***** Raw data

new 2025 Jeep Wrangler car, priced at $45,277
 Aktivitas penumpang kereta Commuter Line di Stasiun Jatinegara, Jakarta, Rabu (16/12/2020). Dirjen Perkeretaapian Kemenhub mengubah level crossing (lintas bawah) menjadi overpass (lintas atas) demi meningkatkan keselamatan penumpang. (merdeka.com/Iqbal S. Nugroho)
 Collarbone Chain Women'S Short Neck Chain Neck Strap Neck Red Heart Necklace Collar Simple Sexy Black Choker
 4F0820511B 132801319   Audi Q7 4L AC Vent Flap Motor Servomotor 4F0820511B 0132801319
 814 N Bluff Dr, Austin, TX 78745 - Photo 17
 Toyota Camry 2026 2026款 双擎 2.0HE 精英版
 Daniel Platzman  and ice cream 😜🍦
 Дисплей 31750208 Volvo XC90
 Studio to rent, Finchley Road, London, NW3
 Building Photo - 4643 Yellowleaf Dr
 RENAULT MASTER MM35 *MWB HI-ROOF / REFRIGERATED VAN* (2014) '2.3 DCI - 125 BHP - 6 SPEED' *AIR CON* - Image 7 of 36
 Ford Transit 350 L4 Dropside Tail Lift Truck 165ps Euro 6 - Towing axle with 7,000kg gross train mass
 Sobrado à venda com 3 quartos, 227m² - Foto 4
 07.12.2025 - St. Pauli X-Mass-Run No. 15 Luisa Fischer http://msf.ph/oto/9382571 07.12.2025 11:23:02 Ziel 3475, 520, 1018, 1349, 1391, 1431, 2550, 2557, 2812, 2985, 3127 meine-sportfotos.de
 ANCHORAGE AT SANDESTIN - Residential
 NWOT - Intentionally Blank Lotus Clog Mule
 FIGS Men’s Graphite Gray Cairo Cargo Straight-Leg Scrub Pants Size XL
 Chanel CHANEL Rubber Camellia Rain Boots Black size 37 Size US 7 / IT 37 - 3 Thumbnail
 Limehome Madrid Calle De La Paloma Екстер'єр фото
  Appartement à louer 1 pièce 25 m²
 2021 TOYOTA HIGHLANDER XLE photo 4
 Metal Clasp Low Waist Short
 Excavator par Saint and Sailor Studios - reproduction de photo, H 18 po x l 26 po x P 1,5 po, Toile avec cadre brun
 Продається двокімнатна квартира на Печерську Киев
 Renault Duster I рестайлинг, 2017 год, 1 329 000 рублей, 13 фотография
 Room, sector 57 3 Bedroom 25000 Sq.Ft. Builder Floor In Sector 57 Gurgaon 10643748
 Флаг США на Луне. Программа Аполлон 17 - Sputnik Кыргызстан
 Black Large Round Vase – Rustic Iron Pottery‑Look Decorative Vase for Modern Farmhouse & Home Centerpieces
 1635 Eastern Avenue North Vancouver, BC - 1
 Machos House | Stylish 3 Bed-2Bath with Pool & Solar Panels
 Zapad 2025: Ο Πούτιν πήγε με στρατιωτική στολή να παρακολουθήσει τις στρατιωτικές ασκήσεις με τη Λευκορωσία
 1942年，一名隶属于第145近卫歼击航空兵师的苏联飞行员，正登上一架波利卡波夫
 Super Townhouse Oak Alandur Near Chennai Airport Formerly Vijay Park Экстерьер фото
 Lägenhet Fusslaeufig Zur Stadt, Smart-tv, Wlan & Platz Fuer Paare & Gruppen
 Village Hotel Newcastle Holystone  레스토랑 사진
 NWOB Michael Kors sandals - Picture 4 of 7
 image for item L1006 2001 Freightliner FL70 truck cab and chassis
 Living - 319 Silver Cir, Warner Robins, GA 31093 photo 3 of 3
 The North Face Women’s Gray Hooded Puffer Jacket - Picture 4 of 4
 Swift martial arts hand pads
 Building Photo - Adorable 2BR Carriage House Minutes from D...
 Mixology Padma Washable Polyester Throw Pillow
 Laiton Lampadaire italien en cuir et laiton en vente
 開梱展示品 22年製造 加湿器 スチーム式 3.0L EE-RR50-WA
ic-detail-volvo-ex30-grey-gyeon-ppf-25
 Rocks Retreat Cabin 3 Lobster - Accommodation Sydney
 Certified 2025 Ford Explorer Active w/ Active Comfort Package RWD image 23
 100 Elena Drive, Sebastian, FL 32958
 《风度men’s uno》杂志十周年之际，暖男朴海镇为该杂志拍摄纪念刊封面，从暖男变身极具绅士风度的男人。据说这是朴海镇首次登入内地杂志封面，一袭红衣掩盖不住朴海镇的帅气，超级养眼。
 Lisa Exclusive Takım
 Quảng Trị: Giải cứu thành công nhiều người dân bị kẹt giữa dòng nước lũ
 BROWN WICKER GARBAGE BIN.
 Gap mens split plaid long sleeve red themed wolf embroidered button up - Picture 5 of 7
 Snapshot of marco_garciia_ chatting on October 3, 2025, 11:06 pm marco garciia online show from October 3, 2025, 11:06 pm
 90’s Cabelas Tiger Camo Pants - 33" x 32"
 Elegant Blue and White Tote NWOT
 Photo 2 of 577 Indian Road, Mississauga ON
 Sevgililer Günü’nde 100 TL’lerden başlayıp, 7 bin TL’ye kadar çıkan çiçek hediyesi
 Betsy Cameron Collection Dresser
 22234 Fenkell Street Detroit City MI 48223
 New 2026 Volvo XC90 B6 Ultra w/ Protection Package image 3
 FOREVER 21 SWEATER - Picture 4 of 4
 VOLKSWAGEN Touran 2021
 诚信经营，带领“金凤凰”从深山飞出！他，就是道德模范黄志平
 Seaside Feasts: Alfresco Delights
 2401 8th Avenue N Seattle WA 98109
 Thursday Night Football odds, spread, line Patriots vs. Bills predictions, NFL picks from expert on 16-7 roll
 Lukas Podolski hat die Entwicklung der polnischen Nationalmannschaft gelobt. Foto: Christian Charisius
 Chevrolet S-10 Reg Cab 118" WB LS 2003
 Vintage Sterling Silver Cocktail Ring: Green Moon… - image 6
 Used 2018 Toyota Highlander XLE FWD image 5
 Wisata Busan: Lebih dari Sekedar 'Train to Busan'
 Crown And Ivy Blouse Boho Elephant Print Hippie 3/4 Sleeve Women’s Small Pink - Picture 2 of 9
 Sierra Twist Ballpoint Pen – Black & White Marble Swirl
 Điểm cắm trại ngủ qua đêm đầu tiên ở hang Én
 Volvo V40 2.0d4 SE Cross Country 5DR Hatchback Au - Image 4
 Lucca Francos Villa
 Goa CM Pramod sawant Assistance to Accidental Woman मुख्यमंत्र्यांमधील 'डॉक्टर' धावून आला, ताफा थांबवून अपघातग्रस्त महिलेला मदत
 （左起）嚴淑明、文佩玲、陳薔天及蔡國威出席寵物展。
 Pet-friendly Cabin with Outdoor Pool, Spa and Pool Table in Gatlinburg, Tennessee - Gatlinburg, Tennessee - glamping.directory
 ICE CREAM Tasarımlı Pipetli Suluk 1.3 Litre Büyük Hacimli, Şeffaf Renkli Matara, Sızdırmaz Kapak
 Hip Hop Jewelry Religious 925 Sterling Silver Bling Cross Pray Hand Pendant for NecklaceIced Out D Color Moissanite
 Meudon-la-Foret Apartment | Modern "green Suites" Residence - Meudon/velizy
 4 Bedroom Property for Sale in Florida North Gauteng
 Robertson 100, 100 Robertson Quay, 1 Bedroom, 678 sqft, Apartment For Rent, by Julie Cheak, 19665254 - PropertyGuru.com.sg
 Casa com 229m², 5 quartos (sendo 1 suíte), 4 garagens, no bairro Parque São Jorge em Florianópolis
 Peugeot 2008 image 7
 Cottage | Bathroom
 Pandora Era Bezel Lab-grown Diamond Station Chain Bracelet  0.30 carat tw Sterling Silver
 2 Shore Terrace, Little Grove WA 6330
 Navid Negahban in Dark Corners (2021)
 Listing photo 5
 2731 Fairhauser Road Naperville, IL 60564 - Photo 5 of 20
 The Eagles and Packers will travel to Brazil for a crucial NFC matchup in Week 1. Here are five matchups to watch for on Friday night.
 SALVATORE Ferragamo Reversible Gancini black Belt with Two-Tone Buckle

**********

> Required work: Every line from the data above that contains "Size" must appear in the answer.

> Written response:
 FIGS Men’s Graphite Gray Cairo Cargo Straight-Leg Scrub Pants Size XL
 Chanel CHANEL Rubber Camellia Rain Boots Black size 37 Size US 7 / IT 37 - 3 Thumbnail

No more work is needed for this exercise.